Fairness is at the heart of high medicine pricing. Drug businesses aren’t bound by the same regulations as other industries, where high costs deter customers.
“A pharma manufacturer may raise the price of a product several times and people will still purchase it because they need it,” says Johns Hopkins University’s Dr. Kevin Riggs. “At the end of the day, they charge whatever the market will bear—which is a lot in the case of life-saving drugs.”
Consumers may help cut medicine costs by requesting generics wherever feasible.
The majority of Americans say the government should intervene in medicine pricing to prevent Big Pharma from “getting away with murder.”
Consumers may help by requesting for generic pharmaceuticals wherever feasible, speaking out against increasing drug prices, and holding businesses responsible for harmful drugs, in addition to whatever price control measures the next government may take.
The “drug prices by country” is a question that has been asked for a long time. There are many factors that go into the cost of drugs, such as how much it costs to manufacture and import them.
Frequently Asked Questions
Why are drug costs so high in the United States?
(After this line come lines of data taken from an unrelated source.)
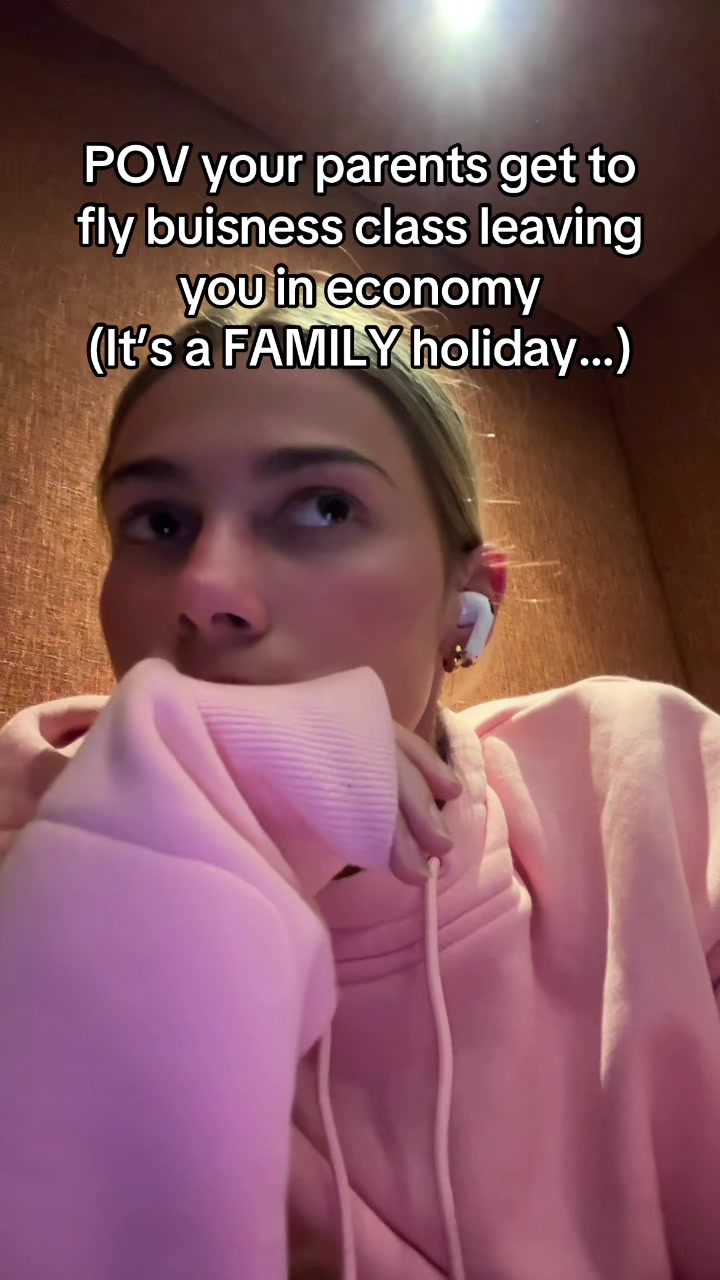@Claudiajanuss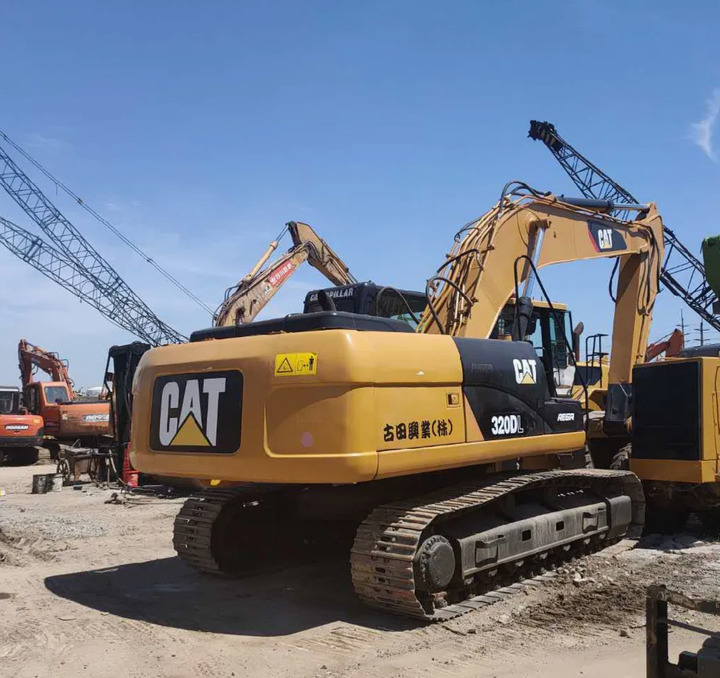 Used 20ton Excavator Original Crawler excavator Second-Hand Digger Machine Cat 320D 325 330D 336d Used Cat Excavator - Верижен багер: снимка 1 Used 20ton Excavator Original Crawler excavator Second-Hand Digger Machine Cat 320D 325 330D 336d Used Cat Excavator - Верижен багер: снимка 1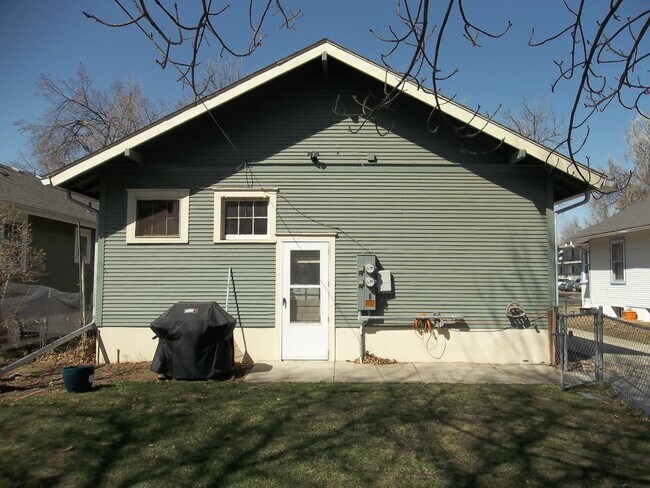 Building Photo - 216 N Sherwood St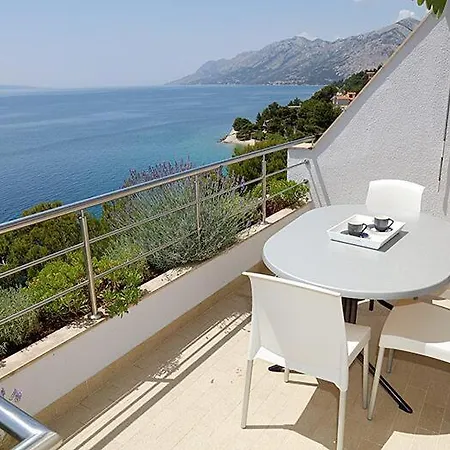 Apartment By The Sea Brela, Makarska - 19205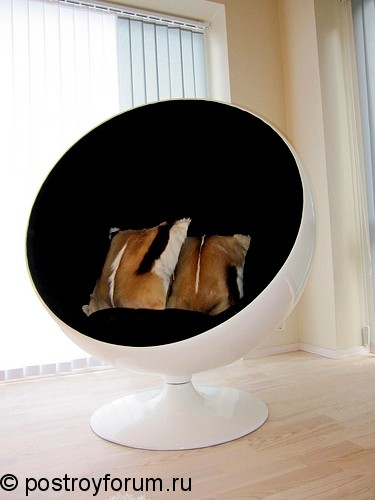 Оригинальное кресло с подушками
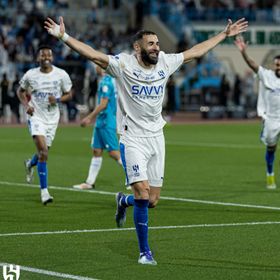 كريم بنزيما يعادل رقمين قياسيين في ظهوره الأول مع الهلال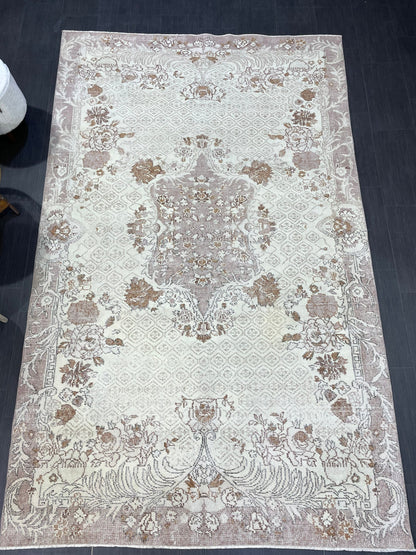 Turkish Rug, Antique Rug, Neutral 5.10 x 9.4 Rug, Persian RUG, Oushak Rug, Hand knotted Rug, Distressed Rug, Vintage Rug, Handmade Rug,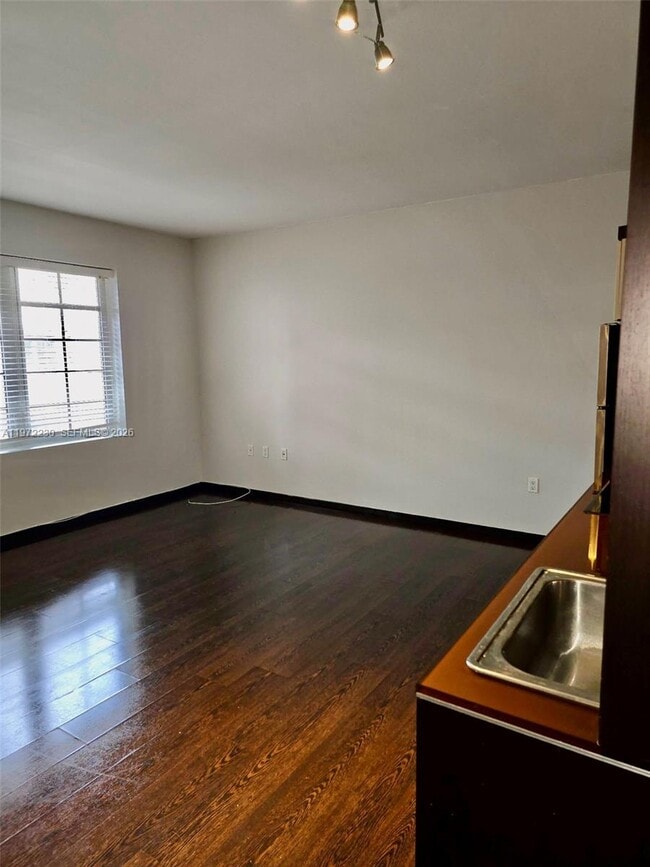 Building Photo - 435 21st St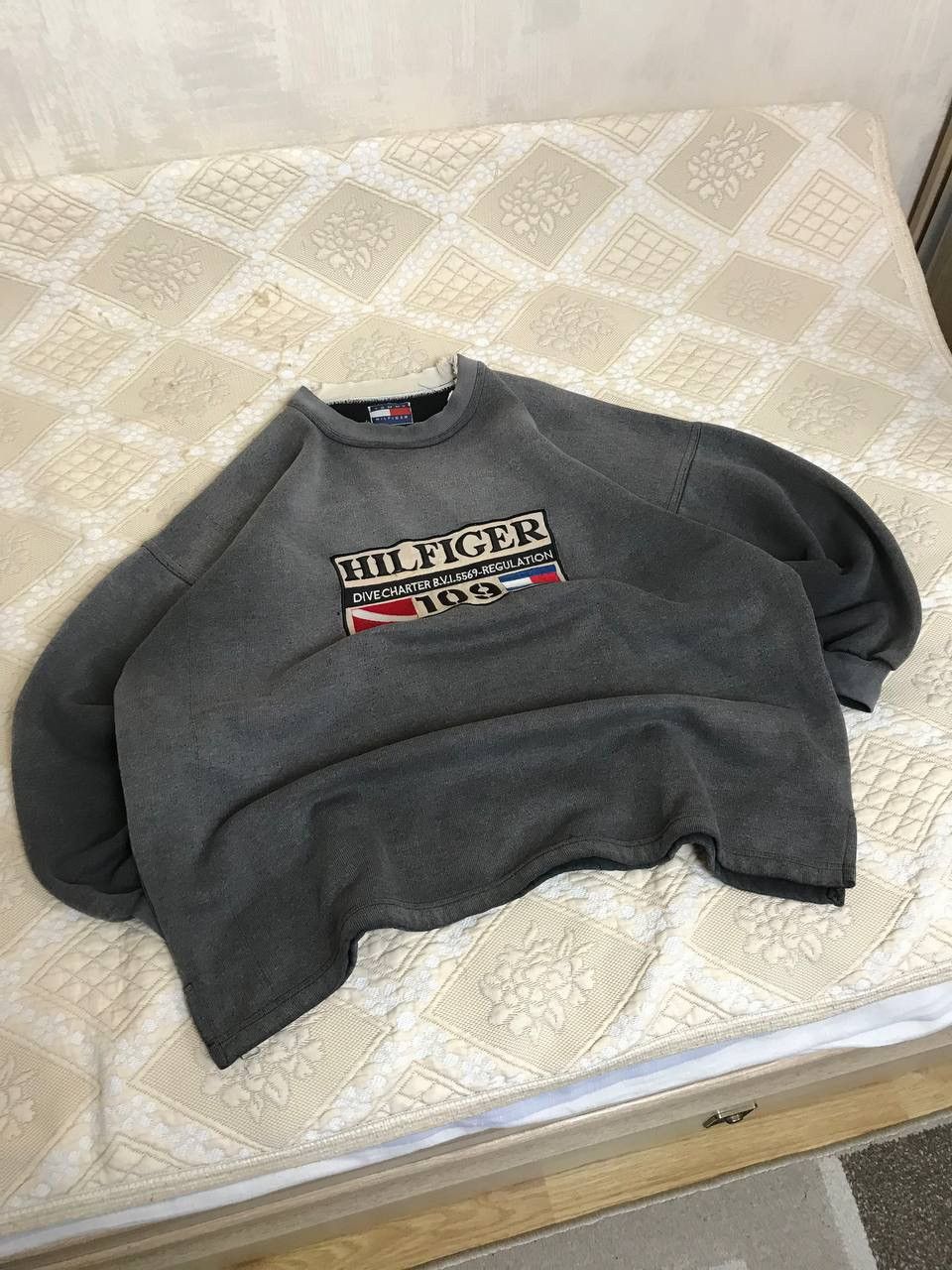 Tommy Hilfiger 🔥 TOMMY HILFIGER 90S VINTAGE CENTER LOGO OVERSIZE SWEATSHIRT Size US XL / EU 56 / 4 - 6 Thumbnail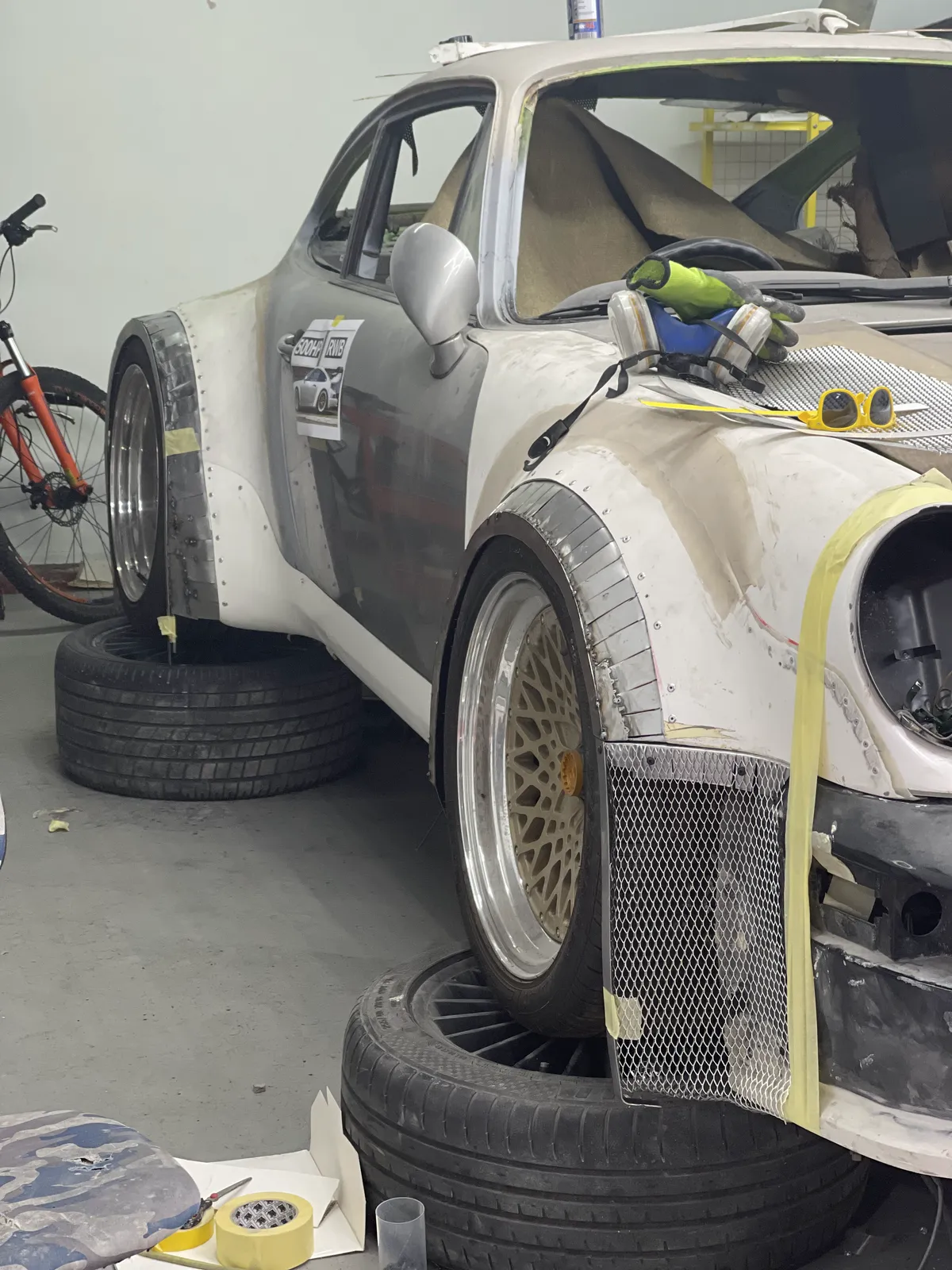 Fabricated arches and mesh detailing on the Porsche 911 during the build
A: Drug prices are higher in the United States for a variety of reasons including high demand, lack of competition and strict patent laws.
Does the US have the highest drug prices?
A: The US has the highest drug prices, but thats not just because of pharmaceutical companies. It is due to a lot of factors such as insurance and demand for prescription drugs in general.
What country has highest drug prices?
A: The United States has the highest drug prices for a number of reasons, but primarily because pharmaceuticals are heavily regulated in America. In Canada and Europe, where governments have more influence on how drugs are sold to consumers, there is less regulation and lower rates than those found in the US.